[Haskell-cafe] Re: ANN: data-category, restricted categories

Ashley Yakeley ashley at semantic.org
Tue Mar 30 15:25:57 EDT 2010

Edward Kmett wrote:
> Of course, you can argue that we already look at products and coproducts 
> through fuzzy lenses that don't see the extra bottom, and that it is 
> close enough to view () as Unit and Unit as Void, or go so far as to 
> unify Unit and Void, even though one is always inhabited and the other 
> should never be.

The alternative is to use _consistently_ "fuzzy lenses" and not consider 
bottom to be a value. I call this the "bottomless" interpretation. I 
prefer it, because it's easier to reason about.

In the bottomless interpretation, laws for Functor, Monad etc. work. 
Many widely-accepted instances of these classes fail these laws when 
bottom is considered a value. Even reflexivity of Eq fails.

Bear in mind bottom includes non-termination. For instance:

   x :: Integer
   x = x + 1

   data Nothing
   n :: Nothing
   n = seq x undefined

x is bottom, since calculation of it doesn't terminate, but one cannot 
write a program even in IO to determine that x is bottom. And if Nothing 
is inhabited with a value, does n have that value? Or does the 
calculation to find which value n is not terminate, so n never gets a value?

I avoid explicit "undefined" in my programs, and also hopefully 
non-termination.
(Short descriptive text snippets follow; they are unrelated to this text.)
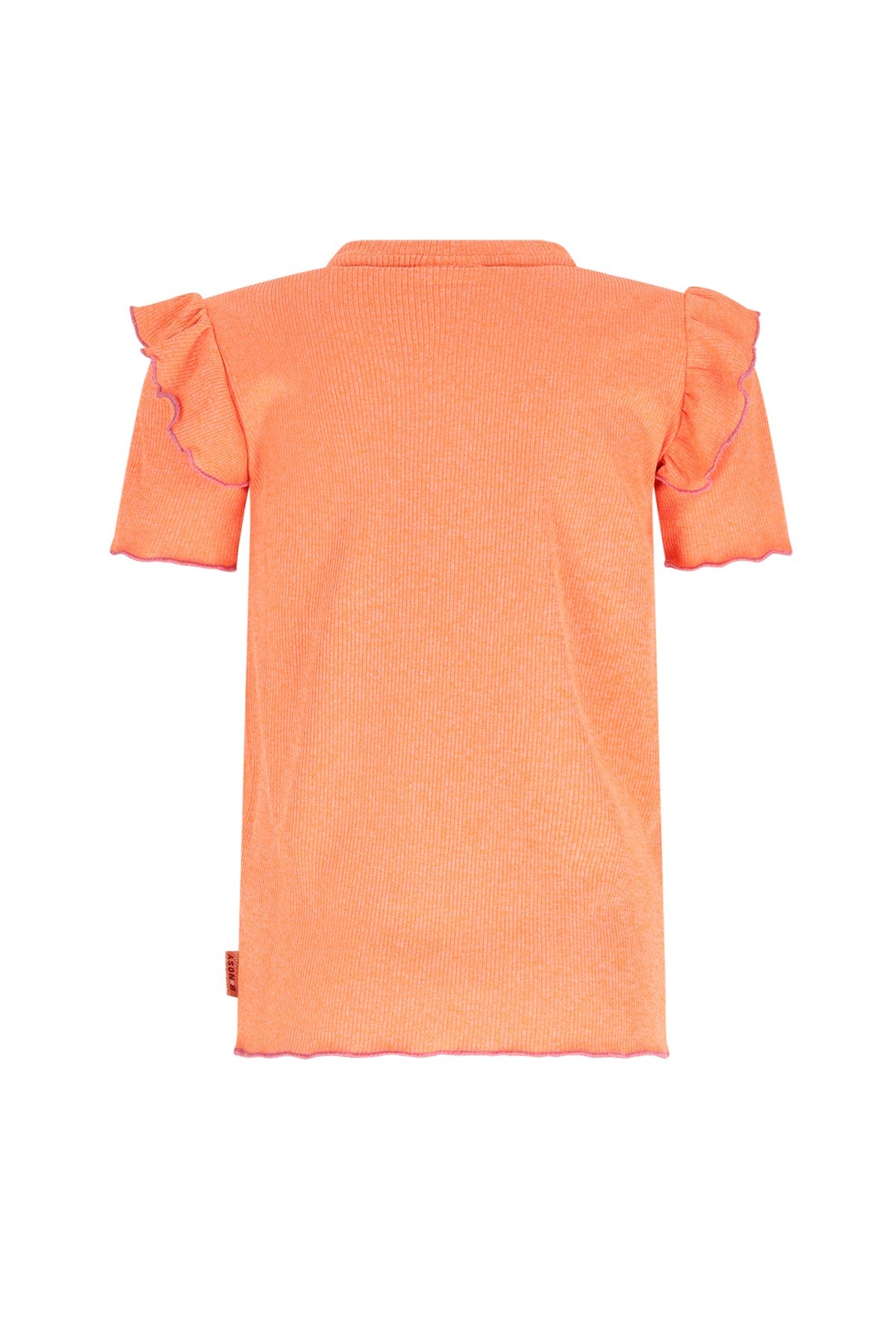 B.Nosy - T-shirt Fusion Coral Tessa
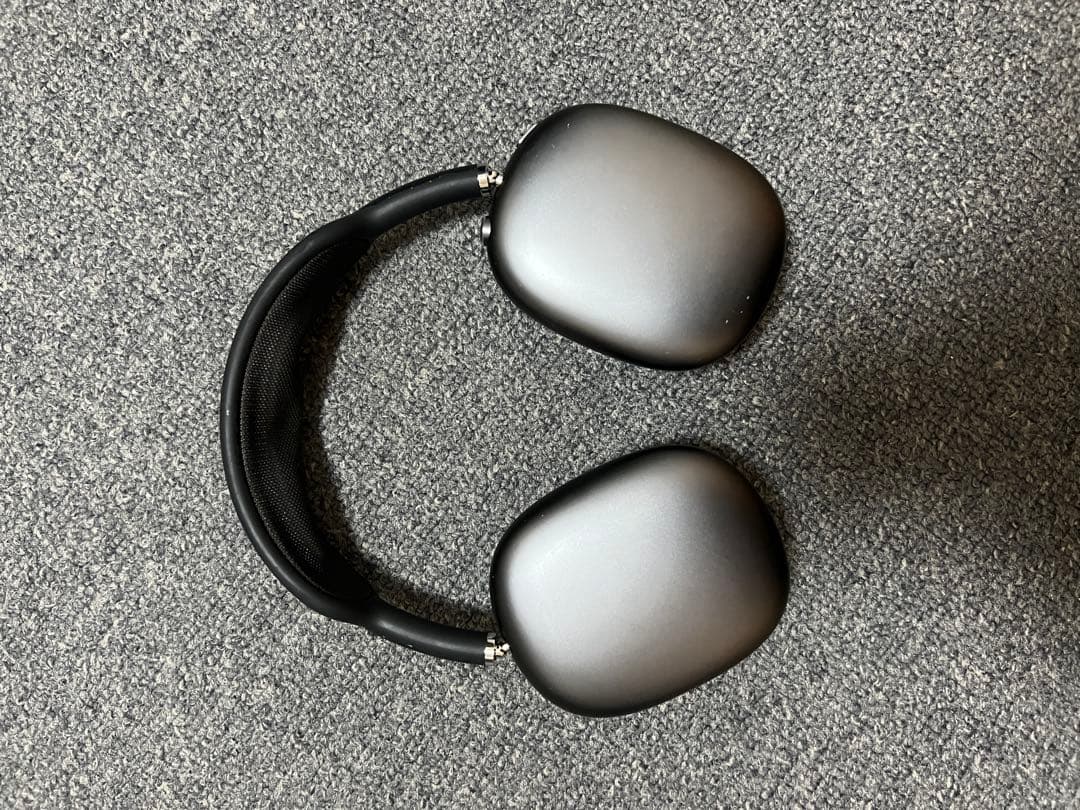 Air pods Max (Lightning)とapple watch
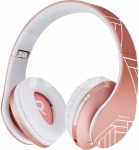 Wireless Headphones for kids PowerLocus P2 (rose gold)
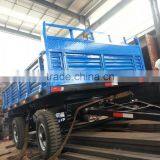 High Quality Europe Style 4 Wheel Utility Trailer for Tractor thumbnail-2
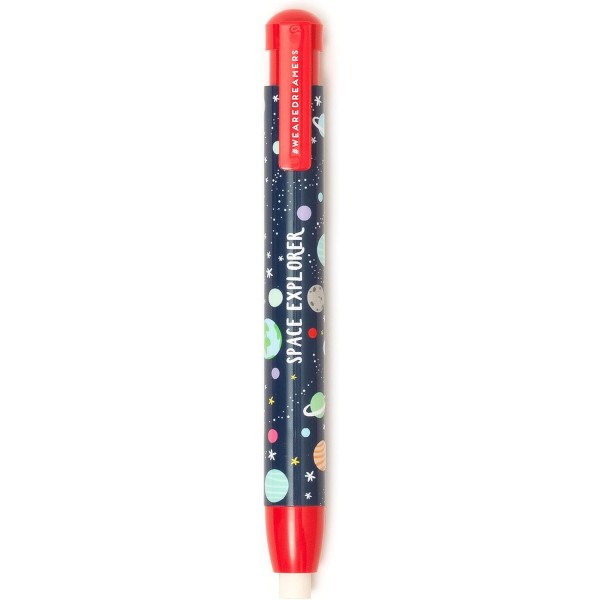 Legami Oops! - Gomma a Forma di Penna, Space...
Then the bottomless interpretation becomes useful, for 
instance, to consider Nothing as an initial object of Hask particularly 
when using GADTs.

I also dislike "Void" for a type declared empty, since it reminds me of 
the C/C++/C#/Java return type "void". In those languages, a function of 
return type "void" may either terminate or not, exactly like Haskell's "()".